* TRY IT
Would you reproduce exactly the lines below from the one holding "ホームズアイリス 玄関" through the one holding "Immobilie in Hammelburg", inclusive, and no others?
LISTED ENTRIES below:
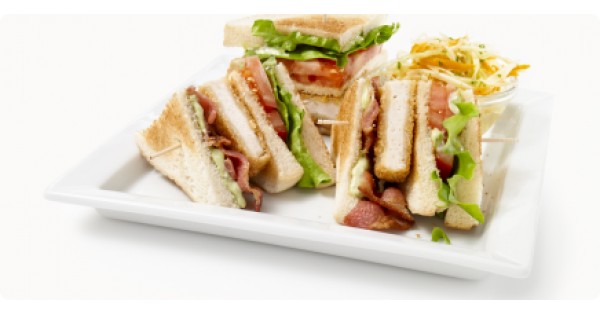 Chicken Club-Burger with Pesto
End of LISTED ENTRIES.
LISTED ENTRIES below:
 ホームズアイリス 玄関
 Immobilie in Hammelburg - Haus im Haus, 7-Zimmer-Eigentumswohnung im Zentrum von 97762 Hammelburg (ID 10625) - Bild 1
End of LISTED ENTRIES.
LISTED ENTRIES below:
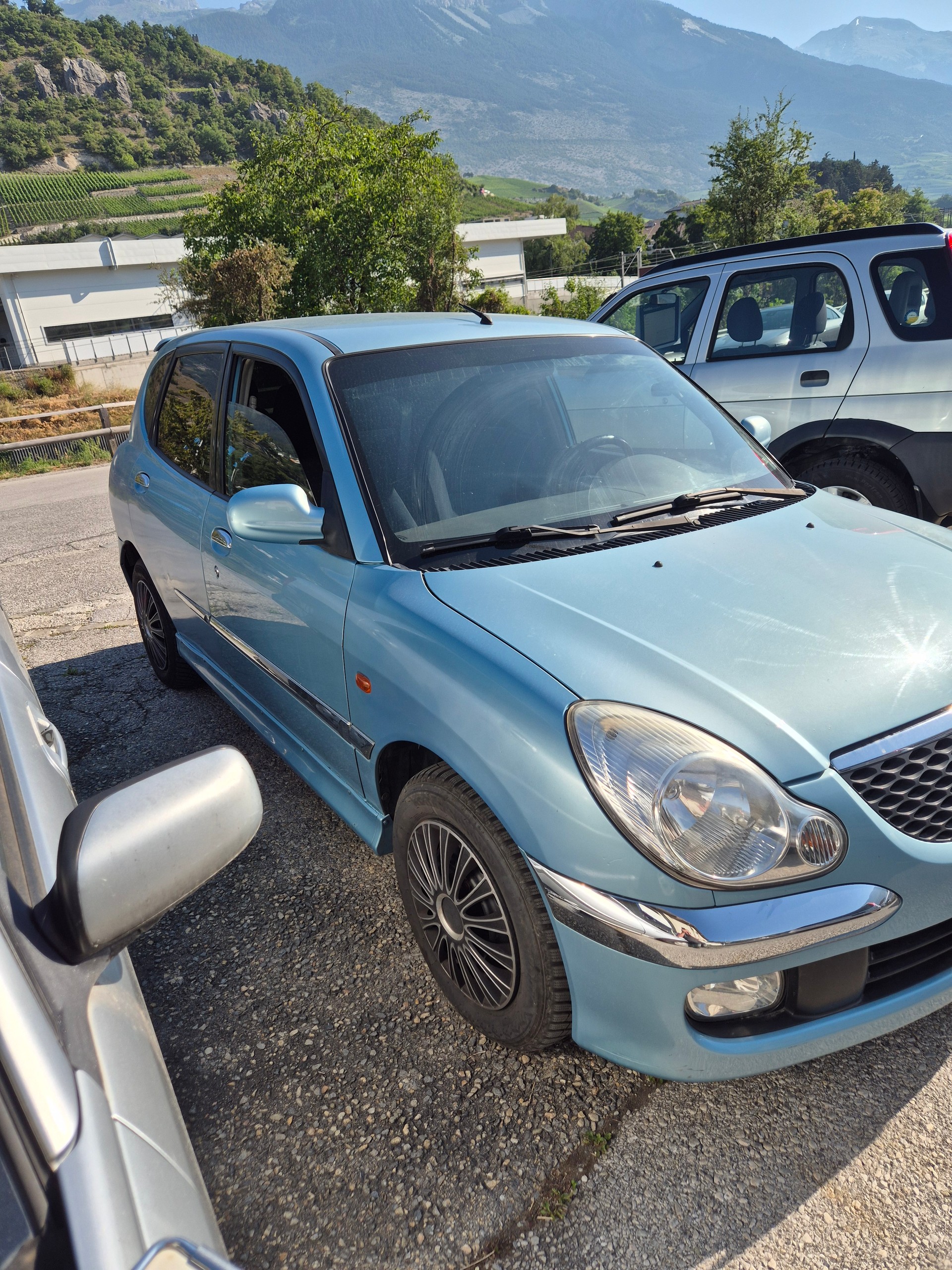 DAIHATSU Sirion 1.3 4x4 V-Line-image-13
End of LISTED ENTRIES.
* EXERCISE SOLUTION
 ホームズアイリス 玄関
 Immobilie in Hammelburg - Haus im Haus, 7-Zimmer-Eigentumswohnung im Zentrum von 97762 Hammelburg (ID 10625) - Bild 1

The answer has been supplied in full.